I'm not sure if there are any available for OCT, but I did see some in NOV.  Try different options.  For example, I saw one DVC when I searched by region, but saw a different one for a different date when I seached by State.
As always RCI has no consistency.


----------



## rickandcindy23 (Aug 5, 2009)

Emily said:


> Do you ever see DVC availability with points? I have a daughter that can see lots of DVC rentals in her points account but has never seen an exchange.  Does DVC exchange through points?  she is looking for mid Oct so I wouldn't think this would be that difficult.



That's too late for Disney.  You have to look ahead at least four months to see much.  Have her look at January and February, where lots of inventory exists.  She needs to look at Standard Reservations.

Wait.....where are her points deeded?  Are they Orlando points?  If so, that could be a block on her account that won't allow her to see Disney.


----------



## rickandcindy23 (Aug 5, 2009)

happymum said:


> That's when I check - unsuccessfully.



What are you looking for?  Last night, there were 88 Florida resorts for 7,500 points or less.  Are you looking at Weeks, or are you looking at Standard Reservations (because the discount is in Weeks).


----------



## Egret1986 (Aug 5, 2009)

*I start at 12:30 am and that's when I start seeing things added usually*



happymum said:


> That's when I check - unsuccessfully.



Most of the time by 1:00 am, they've stopped adding and the good stuff has been snapped up.

You have to be ready with your trigger finger when they start adding.  If it's worth having, it's not going to set there but for a moment usually.


----------



## rickandcindy23 (Aug 5, 2009)

Egret1986 said:


> Most of the time by 1:00 am, they've stopped adding and the good stuff has been snapped up.
> 
> You have to be ready with your trigger finger when they start adding.  If it's worth having, it's not going to set there but for a moment usually.

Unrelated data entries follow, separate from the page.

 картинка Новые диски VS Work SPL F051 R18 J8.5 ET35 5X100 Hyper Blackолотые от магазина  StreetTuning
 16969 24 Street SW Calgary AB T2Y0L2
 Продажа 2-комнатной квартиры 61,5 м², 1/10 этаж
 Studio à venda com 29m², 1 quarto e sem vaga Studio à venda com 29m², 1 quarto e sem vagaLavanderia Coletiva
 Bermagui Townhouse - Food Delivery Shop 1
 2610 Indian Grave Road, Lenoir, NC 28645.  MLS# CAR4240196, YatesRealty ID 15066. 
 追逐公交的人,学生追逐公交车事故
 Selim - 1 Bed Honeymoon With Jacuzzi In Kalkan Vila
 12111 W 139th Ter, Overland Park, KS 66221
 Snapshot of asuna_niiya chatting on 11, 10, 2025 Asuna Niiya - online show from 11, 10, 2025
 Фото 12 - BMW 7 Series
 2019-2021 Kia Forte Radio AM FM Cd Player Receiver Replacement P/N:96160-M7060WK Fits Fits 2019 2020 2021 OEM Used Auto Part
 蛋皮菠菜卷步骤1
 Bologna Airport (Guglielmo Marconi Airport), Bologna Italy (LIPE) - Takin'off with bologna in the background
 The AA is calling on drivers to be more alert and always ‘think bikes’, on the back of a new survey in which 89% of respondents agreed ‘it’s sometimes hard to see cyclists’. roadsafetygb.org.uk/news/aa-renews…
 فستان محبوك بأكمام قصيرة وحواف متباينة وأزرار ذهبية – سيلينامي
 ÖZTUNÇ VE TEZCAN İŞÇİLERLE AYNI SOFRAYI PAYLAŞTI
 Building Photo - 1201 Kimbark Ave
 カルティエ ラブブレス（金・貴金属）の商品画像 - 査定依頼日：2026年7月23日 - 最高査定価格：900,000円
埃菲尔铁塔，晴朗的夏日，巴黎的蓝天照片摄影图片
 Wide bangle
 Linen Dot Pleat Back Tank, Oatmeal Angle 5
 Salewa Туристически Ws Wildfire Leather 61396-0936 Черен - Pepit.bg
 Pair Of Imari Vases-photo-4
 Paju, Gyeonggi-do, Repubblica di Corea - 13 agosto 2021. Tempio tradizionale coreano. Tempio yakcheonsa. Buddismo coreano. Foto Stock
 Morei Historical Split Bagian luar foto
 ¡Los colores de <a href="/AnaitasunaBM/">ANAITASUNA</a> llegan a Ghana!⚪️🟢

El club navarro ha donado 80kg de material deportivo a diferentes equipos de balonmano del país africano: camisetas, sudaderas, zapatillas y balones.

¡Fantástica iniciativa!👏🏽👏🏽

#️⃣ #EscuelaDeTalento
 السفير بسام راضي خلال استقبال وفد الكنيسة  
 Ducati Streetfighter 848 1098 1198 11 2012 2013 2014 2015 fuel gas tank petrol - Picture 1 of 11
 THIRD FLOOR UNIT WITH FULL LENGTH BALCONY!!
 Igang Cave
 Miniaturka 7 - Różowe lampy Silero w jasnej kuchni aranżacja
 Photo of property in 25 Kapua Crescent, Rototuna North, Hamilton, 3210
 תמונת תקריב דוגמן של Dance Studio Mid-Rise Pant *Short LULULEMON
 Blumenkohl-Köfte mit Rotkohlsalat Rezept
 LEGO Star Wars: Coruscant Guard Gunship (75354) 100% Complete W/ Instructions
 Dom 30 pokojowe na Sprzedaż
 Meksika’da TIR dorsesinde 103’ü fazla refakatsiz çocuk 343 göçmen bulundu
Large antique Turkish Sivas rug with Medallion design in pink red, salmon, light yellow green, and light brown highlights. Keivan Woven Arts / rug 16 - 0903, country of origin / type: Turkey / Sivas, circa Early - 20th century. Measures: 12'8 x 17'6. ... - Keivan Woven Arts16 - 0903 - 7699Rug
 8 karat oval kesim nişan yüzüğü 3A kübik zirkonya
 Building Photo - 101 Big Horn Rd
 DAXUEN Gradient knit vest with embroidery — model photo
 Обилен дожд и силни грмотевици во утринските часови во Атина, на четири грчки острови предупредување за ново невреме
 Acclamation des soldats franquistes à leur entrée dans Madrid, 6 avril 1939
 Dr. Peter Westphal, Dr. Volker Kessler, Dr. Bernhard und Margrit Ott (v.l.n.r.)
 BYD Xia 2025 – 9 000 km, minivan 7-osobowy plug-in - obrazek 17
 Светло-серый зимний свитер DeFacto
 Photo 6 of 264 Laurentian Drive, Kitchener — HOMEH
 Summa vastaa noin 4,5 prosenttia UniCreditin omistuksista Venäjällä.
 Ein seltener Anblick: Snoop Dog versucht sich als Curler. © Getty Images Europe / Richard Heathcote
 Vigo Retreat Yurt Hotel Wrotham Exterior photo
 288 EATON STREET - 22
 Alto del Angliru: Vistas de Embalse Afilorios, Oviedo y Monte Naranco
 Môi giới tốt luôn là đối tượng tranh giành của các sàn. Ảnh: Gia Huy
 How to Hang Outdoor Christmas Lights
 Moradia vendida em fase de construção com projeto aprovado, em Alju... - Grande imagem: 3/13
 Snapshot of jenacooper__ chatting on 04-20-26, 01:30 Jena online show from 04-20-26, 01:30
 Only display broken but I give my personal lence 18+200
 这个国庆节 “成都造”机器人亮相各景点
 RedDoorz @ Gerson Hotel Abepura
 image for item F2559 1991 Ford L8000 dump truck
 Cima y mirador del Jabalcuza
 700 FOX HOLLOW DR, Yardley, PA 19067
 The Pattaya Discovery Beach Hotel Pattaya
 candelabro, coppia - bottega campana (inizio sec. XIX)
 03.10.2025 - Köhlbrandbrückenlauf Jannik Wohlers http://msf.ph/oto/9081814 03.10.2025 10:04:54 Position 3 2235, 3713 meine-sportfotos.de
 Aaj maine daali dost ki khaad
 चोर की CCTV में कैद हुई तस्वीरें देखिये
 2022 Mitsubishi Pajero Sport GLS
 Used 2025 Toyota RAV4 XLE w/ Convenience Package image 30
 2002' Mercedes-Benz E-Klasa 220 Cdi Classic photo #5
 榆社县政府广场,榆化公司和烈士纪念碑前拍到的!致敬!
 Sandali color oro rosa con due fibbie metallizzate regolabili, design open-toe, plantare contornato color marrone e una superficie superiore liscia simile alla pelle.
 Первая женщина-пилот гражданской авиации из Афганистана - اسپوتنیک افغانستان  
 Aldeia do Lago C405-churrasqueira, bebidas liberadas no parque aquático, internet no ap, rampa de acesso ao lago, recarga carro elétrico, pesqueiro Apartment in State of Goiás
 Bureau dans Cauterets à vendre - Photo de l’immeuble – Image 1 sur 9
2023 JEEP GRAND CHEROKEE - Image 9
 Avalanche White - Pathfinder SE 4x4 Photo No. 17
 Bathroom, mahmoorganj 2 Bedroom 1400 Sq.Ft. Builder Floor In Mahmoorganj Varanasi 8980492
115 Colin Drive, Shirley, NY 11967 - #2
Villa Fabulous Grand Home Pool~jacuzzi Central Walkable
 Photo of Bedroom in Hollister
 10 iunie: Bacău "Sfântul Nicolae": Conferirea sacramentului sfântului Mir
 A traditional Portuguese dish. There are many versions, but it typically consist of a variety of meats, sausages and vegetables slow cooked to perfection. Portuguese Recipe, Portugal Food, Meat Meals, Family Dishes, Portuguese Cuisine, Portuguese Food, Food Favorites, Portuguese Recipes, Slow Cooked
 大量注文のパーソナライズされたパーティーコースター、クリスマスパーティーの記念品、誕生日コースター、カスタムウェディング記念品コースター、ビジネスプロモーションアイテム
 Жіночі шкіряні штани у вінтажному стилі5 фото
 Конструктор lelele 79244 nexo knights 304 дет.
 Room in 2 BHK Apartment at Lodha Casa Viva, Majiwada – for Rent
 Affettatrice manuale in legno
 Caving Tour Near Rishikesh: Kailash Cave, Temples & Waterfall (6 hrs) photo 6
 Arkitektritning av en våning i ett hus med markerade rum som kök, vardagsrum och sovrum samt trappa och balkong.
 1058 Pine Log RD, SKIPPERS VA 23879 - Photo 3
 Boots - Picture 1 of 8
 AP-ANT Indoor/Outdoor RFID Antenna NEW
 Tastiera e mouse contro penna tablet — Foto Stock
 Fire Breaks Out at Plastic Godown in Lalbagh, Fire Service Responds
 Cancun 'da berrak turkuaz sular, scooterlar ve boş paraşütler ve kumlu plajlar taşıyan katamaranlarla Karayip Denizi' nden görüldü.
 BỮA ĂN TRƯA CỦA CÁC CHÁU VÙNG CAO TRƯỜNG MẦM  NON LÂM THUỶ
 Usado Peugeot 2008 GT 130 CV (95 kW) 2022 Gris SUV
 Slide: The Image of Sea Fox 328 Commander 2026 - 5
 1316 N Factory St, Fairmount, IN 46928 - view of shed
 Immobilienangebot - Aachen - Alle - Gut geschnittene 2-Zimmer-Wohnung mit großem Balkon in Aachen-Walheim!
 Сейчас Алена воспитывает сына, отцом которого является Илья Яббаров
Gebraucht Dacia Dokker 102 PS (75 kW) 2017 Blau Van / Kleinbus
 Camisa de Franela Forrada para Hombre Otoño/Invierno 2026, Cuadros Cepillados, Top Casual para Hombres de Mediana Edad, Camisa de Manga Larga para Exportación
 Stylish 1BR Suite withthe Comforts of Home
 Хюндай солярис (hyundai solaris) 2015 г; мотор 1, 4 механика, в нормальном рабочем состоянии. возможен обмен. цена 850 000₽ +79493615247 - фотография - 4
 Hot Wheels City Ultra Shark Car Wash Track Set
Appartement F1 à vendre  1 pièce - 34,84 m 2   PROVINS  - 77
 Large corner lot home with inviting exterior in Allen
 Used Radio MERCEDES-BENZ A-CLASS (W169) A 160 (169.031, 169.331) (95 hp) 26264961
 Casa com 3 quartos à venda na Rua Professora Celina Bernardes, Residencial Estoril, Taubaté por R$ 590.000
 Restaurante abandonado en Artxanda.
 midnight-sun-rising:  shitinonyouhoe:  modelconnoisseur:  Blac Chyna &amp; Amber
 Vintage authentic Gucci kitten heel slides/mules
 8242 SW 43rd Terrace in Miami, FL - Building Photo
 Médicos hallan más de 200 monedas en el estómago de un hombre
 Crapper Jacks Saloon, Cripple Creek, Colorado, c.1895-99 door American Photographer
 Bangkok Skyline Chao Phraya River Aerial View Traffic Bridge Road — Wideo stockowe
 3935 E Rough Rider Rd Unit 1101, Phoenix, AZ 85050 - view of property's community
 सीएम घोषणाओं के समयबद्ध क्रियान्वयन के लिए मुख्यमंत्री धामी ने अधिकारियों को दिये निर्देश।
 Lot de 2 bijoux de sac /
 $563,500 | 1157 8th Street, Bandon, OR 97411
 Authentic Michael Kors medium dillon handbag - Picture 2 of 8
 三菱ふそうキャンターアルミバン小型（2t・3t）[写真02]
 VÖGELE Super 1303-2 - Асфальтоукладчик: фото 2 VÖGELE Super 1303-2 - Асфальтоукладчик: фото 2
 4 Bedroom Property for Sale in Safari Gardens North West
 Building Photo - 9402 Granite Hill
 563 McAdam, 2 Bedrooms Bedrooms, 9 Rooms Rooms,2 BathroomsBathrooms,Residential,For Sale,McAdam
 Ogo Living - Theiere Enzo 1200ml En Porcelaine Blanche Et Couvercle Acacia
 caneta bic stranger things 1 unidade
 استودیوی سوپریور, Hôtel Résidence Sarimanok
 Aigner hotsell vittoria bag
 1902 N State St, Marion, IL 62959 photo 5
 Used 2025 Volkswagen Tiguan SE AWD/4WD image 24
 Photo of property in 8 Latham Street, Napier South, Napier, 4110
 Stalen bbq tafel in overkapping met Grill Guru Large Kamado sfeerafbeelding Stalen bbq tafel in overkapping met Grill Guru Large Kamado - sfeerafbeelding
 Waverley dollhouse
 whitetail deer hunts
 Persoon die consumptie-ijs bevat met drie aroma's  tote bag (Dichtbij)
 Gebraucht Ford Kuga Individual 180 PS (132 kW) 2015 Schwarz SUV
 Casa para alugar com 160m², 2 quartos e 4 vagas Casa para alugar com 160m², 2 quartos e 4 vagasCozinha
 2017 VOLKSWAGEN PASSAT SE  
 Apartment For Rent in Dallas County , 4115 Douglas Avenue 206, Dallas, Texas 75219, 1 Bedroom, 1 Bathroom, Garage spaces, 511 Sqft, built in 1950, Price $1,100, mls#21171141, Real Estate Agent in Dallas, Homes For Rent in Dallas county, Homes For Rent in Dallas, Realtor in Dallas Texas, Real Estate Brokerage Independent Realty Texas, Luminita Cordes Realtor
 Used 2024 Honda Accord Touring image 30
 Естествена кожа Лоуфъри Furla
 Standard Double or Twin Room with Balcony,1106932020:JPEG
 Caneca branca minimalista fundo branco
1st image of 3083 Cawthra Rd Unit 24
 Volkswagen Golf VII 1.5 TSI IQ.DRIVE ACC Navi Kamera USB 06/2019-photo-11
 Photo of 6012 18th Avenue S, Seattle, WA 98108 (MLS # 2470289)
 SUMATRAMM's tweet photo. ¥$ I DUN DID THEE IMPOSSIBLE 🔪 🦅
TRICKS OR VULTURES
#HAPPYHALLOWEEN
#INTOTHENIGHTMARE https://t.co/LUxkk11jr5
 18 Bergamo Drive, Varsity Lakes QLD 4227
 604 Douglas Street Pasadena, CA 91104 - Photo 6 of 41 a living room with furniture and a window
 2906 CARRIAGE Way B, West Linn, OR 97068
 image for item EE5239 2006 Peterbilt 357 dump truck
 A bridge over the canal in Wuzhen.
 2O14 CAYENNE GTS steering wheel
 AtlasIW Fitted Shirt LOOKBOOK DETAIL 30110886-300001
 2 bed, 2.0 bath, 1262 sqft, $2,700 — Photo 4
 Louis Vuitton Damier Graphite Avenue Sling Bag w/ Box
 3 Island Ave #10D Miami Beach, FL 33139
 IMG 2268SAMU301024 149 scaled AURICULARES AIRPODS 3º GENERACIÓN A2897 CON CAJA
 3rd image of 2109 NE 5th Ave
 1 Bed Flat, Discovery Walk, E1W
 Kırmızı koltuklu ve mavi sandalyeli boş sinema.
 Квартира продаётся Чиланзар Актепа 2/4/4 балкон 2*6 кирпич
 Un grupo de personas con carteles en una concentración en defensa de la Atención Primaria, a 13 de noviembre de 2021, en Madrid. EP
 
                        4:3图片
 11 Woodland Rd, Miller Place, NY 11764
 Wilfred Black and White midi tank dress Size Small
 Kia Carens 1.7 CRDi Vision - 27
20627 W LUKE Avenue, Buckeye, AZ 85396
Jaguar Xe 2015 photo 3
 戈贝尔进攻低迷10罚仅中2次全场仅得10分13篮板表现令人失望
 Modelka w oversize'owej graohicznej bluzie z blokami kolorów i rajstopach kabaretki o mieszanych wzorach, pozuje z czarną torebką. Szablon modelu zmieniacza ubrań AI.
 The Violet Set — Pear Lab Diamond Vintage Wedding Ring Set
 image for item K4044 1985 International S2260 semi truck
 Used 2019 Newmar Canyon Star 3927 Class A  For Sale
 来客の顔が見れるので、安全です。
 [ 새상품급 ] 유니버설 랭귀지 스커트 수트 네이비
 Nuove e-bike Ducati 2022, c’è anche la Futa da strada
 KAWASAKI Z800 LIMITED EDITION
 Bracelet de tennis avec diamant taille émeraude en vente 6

We just got back from Grand Pacific Palisades, a 2 bedroom, that we received for 9,000 points, and I tried to get several of those, searching every night for about two weeks, and I would see it, try to get it, and it would be taken already.  This one came up and I grabbed it immediately, without even stopping to think about the date and how that would work for Rick's work schedule.  These never last more than a minute, but they are there, and you just have to keep refreshing and searching every 30 seconds or so to find them.  You need to be online at about 12:30, searching constantly to get the good stuff.

Hawaii is suddenly much harder to find late at night, but it is summer, so that is probably why.


----------



## gorevs9 (Aug 5, 2009)

Egret1986 said:


> Most of the time by 1:00 am, they've stopped adding and the good stuff has been snapped up.
> 
> You have to be ready with your trigger finger when they start adding.  If it's worth having, it's not going to set there but for a moment usually.


Last month, I was looking to get a particular resort as a last minute exchange.  Units were available at full "price" prior to midnight of the 45 day window.

At midnight (EDT) I found units that were listed as available for 7500 pts.  When I went through the motions to reserve the unit, I received a message implying the unit was not available.  Even after clearing cache and repeating the sequence I would get the same results.  Units are LISTED as available, but then not available when I tried to Confirm or Hold. 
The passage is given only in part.